Après l’embauche, une autre forme d’asymétrie peut
apparaître : c’est le problème d’aléa moral. Une fois recruté, le
salarié peut réduire ses efforts sans que l’employeur s’en rende compte
immédiatement. Pour éviter ce risque, certaines entreprises versent un salaire
d’efficience supérieur au salaire de marché afin d’inciter les travailleurs
à fournir un effort élevé et à rester motivés. Cette pratique, analysée
notamment par Joseph Stiglitz et George Akerlof, permet de limiter les
comportements opportunistes, mais elle contribue aussi à maintenir un chômage
structurel : si les entreprises paient au-dessus du salaire d’équilibre, elles
n’embauchent pas tout le monde, ce qui laisse une partie de la main-d’œuvre
sans emploi.
Les asymétries d’information expliquent donc pourquoi le
marché du travail ne s’équilibre pas spontanément. Même en l’absence de crise
économique, il peut exister un niveau de chômage incompressible lié à ces
problèmes d’information imparfaite et de coordination.
III. Les conséquences sur la nature du chômage
Ces deux mécanismes – frictions d’appariement et
asymétries d’information – donnent naissance à un chômage que les politiques
conjoncturelles, comme la relance de la demande, ne suffisent pas à
résorber. Il faut des politiques structurelles, c’est-à-dire des
réformes qui agissent sur le fonctionnement du marché du travail lui-même :
amélioration de la formation, simplification du recrutement, incitations à la
mobilité, accompagnement renforcé des chômeurs.
On comprend alors pourquoi certains pays parviennent à
maintenir un faible taux de chômage malgré les crises économiques : ils
disposent de marchés du travail plus fluides et d’une meilleure adéquation
entre les qualifications et les emplois proposés.
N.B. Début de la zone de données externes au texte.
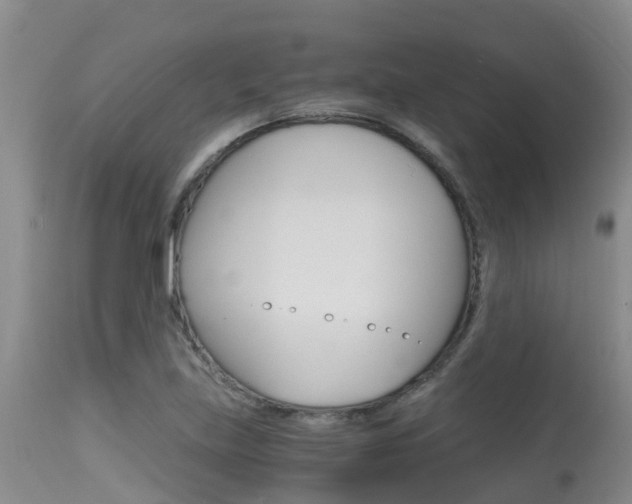 X0000115481219200911061017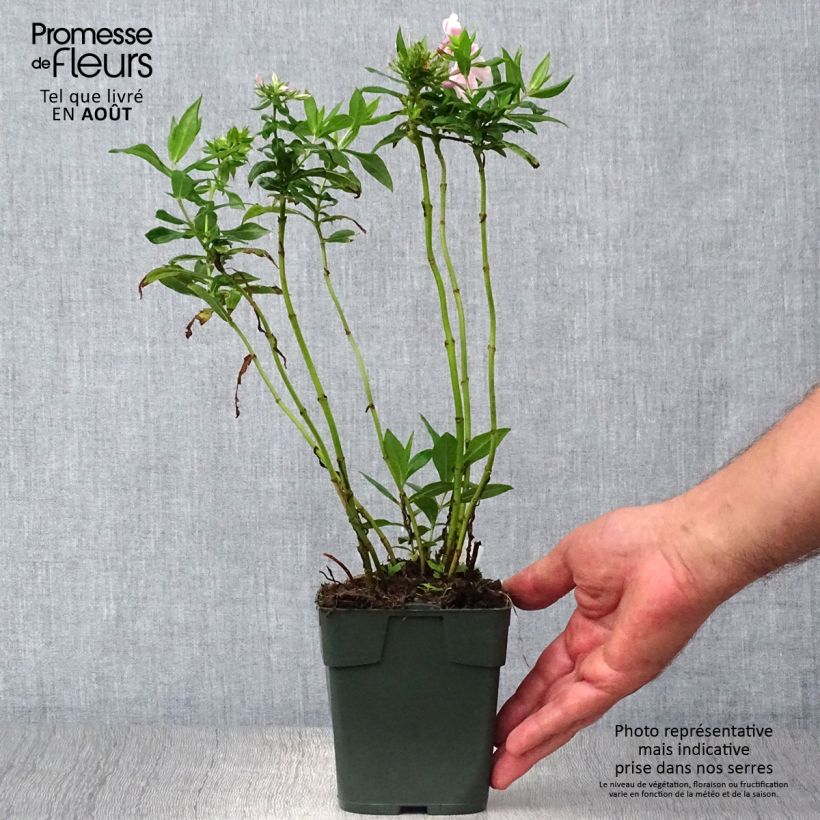 Exemplaar van Phlox paniculata Peppermint Twist - Vlambloem Kweekpotje van 8/9 cm zoals geleverd in de zomer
C’est le cas de l’Allemagne,
qui a réformé son système d’apprentissage dès les années 2000, ou du Canada,
qui a développé des programmes régionaux de reconversion professionnelle. À
l’inverse, les pays où la formation est trop rigide ou mal adaptée, comme la France
ou l’Espagne, connaissent un chômage structurel plus élevé.
Le chômage structurel trouve son origine dans le
fonctionnement même du marché du travail. Les difficultés d’appariement entre
les offres et les demandes d’emploi, qu’elles soient liées à la qualification,
à la mobilité géographique ou à l’information imparfaite, empêchent l’équilibre
entre l’offre et la demande de travail. Les asymétries d’information, quant à
elles, provoquent des comportements de sélection et d’incitation qui limitent
les embauches. L’ensemble de ces mécanismes explique pourquoi un certain niveau
de chômage subsiste même en période de croissance. C’est ce que les économistes
appellent le taux de chômage naturel, un niveau plancher que les
politiques économiques doivent chercher à abaisser par des réformes
structurelles, sans espérer le faire disparaître totalement.